Load Testing and Optimizing a Business-Critical Application

Lessons learned from the StembureauApp

Published in

Elements blog

8 min readJun 7, 2019

In this article I will explain the challenges we faced and solutions we implemented during the development and production release of a project we have been working on for about one and a half years: the StembureauApp (“PollingStationApp”). This is a software tool to support the voting process in Dutch polling stations on election days.

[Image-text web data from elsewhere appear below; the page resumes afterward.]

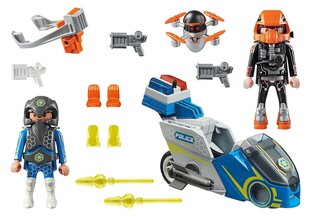 70020 PLAYMOBIL® Galaxy Police Politsei jalgratas цена и информация | Конструкторы и кубики | kaup24.ee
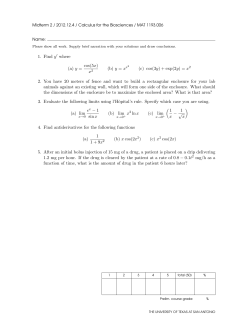 1. Find y where (a) y = cos(5x) x2 (b) y = x (c) cos(3y) + exp(2y) = x2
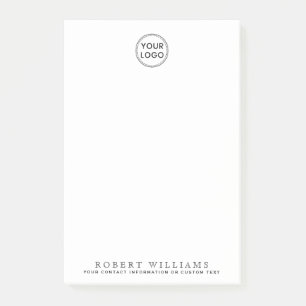 Benutzerdefiniertes Logo und benutzerdefinierter F Post-it Klebezettel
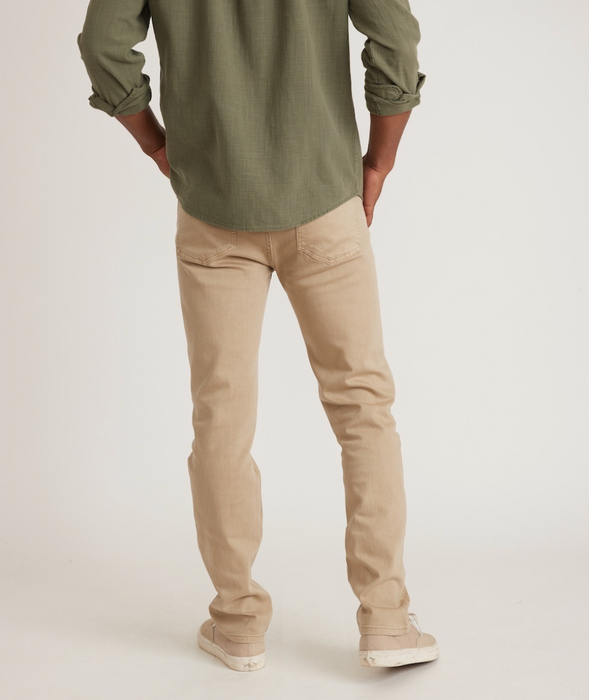 Marine Layer 5 Pocket Pant Slim Fit - Khaki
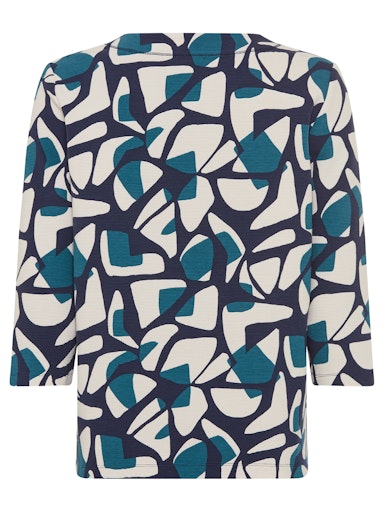 Olsen long sleeve patterned top 11201661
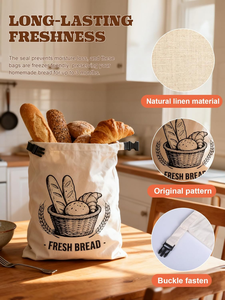 Bolsas <span class=keywords><strong>de</strong></span> Pan <span class=keywords><strong>de</strong></span> Cera <span class=keywords><strong>de</strong></span> Abeja Reutilizables <span class=keywords><strong>de</strong></span> Lino Orgánico para Conservar la Frescura del Pan Casero <span class=keywords><strong>de</strong></span> Masa Madre, <span class=keywords><strong>Bolsa</strong></span> <span class=keywords><strong>de</strong></span> Almacenamiento <span class=keywords><strong>de</strong></span> Alimentos Apta para Congelador - Product Image 6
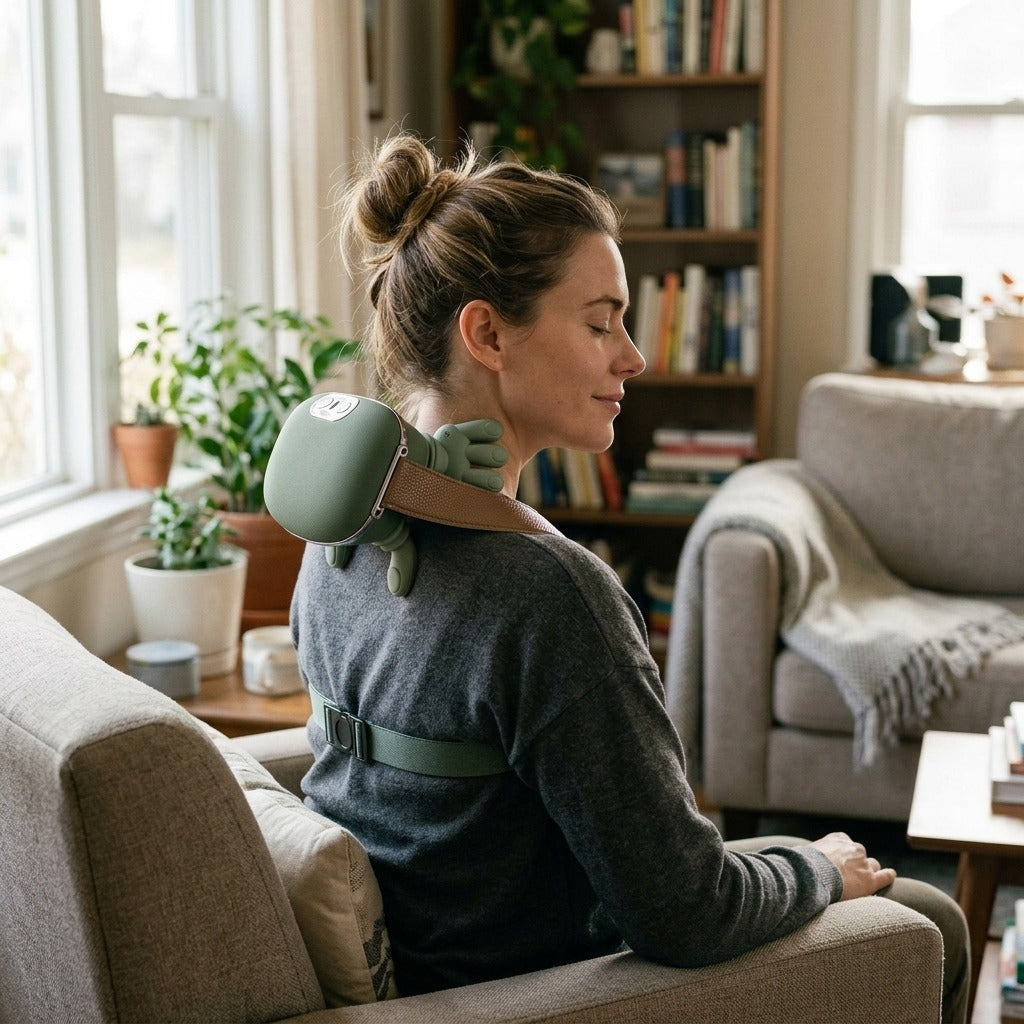 Wireless Neck and Shoulder Massager - at home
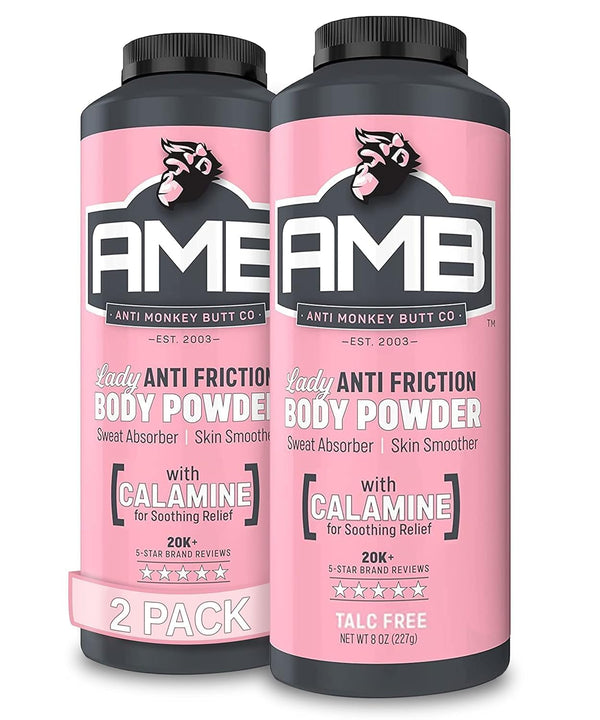 Anti Monkey Butt Body Powder for Women - Talc-Free Anti Chafing Powder for Sweat, Friction, & Itch Relief - Calamine Body Powder for Thigh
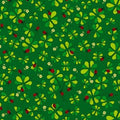 Lucky clover ladybugs 27425 F Dark Green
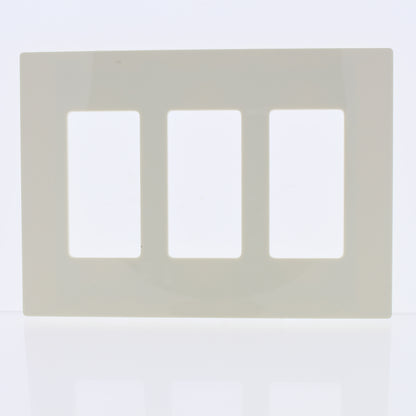 Leviton Almond 3-Gang Midway Decora Screwless Wallplate Cover Gfci Gfi SJ263-SA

The Elements StembureauApp team doing a final load test in Rotterdam

The app helps with scanning votes, counting, filling in validation checklists, managing the presence the staff members as well as enabling the control room to monitor the whole process so the city hall knows exactly in what step each polling station is at any given time. All these features basically makes things a lot easier and faster for the municipalities in terms of process, logistics and communication.

You can read about more functional details on the StembureauApp in Wouter’s blog post.

Currently, ten Dutch municipalities, including major cities such as Rotterdam, Eindhoven and Utrecht, are using the StembureauApp. Combined, the municipalities have a total number of 1.500 polling stations and serve about two million Dutch voters (about 15% of the nation-wide voters).

One really important thing to emphasize is that on election day the application really needs to perform well. We cannot afford any performance issues, as it could disrupt the democratic process.

To not make this article too extensive, I will focus mainly on performance testing and optimization techniques.

Let’s dive into the technical details. The back-end of StembureauApp is coded in Python/Django and the front-end in Angular. Docker was utilized to create microservices that were run in a Kubernetes cluster. The two most important Kubernetes advantages: resource allocation based on municipality size (number of polling stations on an election day) and namespace isolation, to make data breaches impossible across municipalities.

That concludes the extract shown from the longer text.